The mental image most people have of Jerry Rice has him wearing a 49ers uniform. This makes sense, as he played 16 of his 19 NFL seasons there and won four Super Bowls. But like Tom Brady has this season, Rice found life after his original team, reaching another Super Bowl and recording two 1,000-yard seasons with the Oakland Raiders.
Even his brief stay in Oakland wasn’t quite the end of his career. Jerry Rice still had some football left in him, enough to play half of a season for the Seattle Seahawks. His trip to Seattle, however, created an awkward situation for another Hall of Fame receiver.

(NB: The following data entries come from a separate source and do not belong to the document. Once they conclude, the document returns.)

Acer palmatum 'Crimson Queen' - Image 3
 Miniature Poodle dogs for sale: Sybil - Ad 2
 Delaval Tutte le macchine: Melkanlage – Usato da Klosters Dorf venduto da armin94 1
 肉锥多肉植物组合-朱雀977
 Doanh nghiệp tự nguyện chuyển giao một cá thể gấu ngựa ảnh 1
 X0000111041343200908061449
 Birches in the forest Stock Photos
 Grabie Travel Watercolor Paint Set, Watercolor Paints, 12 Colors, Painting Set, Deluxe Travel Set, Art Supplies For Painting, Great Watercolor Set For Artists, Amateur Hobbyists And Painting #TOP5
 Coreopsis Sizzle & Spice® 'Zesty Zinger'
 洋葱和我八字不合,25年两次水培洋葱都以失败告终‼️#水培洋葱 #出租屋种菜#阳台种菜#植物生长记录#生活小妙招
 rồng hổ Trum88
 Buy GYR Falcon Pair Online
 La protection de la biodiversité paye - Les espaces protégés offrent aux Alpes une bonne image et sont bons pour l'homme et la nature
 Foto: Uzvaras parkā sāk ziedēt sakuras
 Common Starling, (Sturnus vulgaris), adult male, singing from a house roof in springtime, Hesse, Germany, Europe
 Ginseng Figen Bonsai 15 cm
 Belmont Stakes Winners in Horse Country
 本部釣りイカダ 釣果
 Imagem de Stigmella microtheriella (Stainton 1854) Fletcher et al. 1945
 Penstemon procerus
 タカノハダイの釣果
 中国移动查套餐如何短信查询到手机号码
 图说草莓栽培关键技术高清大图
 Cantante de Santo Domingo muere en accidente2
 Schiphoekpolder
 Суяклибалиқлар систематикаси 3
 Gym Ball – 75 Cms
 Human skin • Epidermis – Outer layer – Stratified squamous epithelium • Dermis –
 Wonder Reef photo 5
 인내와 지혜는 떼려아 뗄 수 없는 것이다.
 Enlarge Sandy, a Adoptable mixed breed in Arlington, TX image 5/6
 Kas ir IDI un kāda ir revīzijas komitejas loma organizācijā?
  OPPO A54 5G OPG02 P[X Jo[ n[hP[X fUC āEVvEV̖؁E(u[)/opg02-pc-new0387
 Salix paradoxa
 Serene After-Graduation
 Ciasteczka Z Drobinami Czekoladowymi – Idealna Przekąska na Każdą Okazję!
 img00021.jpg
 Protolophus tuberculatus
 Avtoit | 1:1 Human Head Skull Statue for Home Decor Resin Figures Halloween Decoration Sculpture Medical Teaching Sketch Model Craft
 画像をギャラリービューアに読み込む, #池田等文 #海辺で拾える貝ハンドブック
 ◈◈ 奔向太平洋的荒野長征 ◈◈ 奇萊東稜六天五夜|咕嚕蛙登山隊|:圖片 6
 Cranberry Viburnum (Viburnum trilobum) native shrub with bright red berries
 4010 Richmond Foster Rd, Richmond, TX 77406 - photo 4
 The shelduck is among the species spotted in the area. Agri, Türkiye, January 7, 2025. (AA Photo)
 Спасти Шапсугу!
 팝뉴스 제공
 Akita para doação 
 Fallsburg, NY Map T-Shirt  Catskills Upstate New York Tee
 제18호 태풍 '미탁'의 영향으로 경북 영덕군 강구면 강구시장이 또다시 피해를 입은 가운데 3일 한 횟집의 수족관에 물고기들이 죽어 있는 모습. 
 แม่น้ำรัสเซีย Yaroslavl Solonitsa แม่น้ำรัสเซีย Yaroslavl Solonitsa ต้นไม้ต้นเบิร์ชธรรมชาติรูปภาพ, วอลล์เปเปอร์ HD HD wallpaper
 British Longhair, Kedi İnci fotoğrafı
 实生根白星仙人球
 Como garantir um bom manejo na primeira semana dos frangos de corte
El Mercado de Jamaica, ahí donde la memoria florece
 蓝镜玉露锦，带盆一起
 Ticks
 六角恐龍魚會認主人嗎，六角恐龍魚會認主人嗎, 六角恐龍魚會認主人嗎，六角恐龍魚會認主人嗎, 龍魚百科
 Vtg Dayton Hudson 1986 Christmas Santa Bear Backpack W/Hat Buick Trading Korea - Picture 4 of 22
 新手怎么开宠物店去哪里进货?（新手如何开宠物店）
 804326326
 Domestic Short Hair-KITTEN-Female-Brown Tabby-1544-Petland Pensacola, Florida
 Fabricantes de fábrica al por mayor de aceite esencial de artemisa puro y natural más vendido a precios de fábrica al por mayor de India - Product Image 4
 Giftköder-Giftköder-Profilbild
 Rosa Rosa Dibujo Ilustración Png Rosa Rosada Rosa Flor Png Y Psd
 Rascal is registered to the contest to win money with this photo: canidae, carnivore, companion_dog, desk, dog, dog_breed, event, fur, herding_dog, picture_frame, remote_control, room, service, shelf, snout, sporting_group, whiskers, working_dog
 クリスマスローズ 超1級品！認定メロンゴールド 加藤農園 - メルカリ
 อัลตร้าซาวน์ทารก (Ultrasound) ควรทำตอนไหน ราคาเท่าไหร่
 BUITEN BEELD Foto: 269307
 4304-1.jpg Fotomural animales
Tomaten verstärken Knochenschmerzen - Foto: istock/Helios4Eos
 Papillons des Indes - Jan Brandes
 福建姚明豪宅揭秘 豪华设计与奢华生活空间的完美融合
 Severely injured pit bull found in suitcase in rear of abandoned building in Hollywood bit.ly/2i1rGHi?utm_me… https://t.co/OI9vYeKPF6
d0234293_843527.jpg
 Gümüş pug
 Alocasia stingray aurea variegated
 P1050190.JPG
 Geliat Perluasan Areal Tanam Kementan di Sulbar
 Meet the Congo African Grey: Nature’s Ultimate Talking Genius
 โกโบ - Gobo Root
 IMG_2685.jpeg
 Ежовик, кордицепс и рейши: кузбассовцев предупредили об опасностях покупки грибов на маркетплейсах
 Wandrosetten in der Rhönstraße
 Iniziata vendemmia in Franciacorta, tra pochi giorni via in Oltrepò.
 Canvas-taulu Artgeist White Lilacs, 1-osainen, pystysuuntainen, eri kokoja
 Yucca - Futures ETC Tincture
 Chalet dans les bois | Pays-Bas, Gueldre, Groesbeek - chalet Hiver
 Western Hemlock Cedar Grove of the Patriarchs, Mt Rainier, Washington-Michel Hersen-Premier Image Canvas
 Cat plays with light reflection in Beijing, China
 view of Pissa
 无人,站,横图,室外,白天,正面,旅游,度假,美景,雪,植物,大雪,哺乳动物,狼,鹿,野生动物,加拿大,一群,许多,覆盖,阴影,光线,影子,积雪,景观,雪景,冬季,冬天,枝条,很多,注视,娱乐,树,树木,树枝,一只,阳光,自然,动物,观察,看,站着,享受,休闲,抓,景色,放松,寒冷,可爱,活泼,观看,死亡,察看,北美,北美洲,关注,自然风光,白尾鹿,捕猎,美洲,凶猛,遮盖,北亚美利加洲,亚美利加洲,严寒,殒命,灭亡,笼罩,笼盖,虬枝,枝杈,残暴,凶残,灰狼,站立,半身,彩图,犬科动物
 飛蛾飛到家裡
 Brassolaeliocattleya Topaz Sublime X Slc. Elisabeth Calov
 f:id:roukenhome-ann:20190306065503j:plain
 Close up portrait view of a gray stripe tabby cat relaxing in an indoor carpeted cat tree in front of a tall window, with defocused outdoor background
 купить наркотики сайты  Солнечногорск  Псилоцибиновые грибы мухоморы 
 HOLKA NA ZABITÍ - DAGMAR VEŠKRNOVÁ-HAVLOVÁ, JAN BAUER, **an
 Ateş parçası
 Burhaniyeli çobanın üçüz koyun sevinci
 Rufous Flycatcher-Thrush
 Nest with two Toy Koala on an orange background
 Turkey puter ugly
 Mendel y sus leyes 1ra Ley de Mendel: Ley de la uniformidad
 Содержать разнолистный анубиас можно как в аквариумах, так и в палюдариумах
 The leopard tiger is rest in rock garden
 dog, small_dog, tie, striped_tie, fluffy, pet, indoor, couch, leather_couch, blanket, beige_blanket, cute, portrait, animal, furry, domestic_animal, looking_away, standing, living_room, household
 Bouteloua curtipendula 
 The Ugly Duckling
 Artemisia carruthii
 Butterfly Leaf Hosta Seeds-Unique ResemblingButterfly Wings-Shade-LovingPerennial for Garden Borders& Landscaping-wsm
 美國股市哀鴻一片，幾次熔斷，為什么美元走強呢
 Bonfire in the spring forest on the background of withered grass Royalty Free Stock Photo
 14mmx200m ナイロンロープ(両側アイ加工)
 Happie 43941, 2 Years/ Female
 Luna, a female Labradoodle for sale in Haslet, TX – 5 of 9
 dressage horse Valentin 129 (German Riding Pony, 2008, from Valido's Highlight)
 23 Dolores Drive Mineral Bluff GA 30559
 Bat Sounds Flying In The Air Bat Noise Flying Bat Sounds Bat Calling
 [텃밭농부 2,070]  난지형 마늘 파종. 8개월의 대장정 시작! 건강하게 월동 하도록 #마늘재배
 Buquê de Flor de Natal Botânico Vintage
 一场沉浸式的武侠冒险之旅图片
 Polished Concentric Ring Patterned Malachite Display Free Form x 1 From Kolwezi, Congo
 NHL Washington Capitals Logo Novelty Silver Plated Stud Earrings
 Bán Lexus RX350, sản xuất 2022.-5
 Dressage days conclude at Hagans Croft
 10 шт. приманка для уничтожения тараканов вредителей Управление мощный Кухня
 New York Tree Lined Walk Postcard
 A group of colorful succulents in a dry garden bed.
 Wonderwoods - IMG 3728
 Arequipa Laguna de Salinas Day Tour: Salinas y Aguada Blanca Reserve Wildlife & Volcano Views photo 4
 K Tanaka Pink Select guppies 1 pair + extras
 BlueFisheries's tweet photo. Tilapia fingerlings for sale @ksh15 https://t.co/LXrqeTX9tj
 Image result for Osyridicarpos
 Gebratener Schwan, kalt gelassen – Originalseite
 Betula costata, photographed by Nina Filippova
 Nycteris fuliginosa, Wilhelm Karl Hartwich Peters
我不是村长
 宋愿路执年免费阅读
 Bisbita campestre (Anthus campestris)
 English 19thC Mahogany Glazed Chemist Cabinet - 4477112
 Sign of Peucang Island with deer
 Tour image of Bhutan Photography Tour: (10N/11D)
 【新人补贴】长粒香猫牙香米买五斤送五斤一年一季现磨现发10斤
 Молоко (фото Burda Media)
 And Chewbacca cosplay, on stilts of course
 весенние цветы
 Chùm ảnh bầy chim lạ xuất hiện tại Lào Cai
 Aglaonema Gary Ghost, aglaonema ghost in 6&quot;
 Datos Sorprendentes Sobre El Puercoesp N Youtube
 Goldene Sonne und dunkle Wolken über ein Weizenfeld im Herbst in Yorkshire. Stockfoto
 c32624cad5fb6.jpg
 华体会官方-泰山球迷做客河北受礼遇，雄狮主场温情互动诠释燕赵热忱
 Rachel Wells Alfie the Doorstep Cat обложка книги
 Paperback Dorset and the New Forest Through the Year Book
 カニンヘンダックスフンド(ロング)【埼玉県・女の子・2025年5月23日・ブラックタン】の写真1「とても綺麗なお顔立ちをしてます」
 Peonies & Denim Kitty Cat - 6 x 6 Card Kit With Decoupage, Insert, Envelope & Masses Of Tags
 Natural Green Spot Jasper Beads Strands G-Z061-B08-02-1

Jerry Rice reaches twilight
2004 was Jerry Rice’s fourth season with the Oakland Raiders. His tenure there had started off promising, as he formed a formidable receiver duo with fellow veteran Tim Brown. Together with MVP quarterback Rich Gannon, the Raiders won two AFC West titles and reached Super Bowl XXXVIII.
After they lost that game badly to the Tampa Bay Buccaneers, the Raiders went into a tailspin. They finished tied for the NFL’s worst record in 2003 at 4-12, and Rice found himself in a reduced offensive role. He caught “only” 63 passes that season, his lowest total in a non-injury season since his rookie year of 1985.
Midway through the 2004 season, the 42-year-old Rice requested a trade out of Oakland. By the season’s seventh week, he had joined the Seattle Seahawks and reunited with a familiar face. The head coach in Seattle that season was Mike Holmgren, whom Rice knew well as an assistant coach during the 49ers’ Super Bowl years.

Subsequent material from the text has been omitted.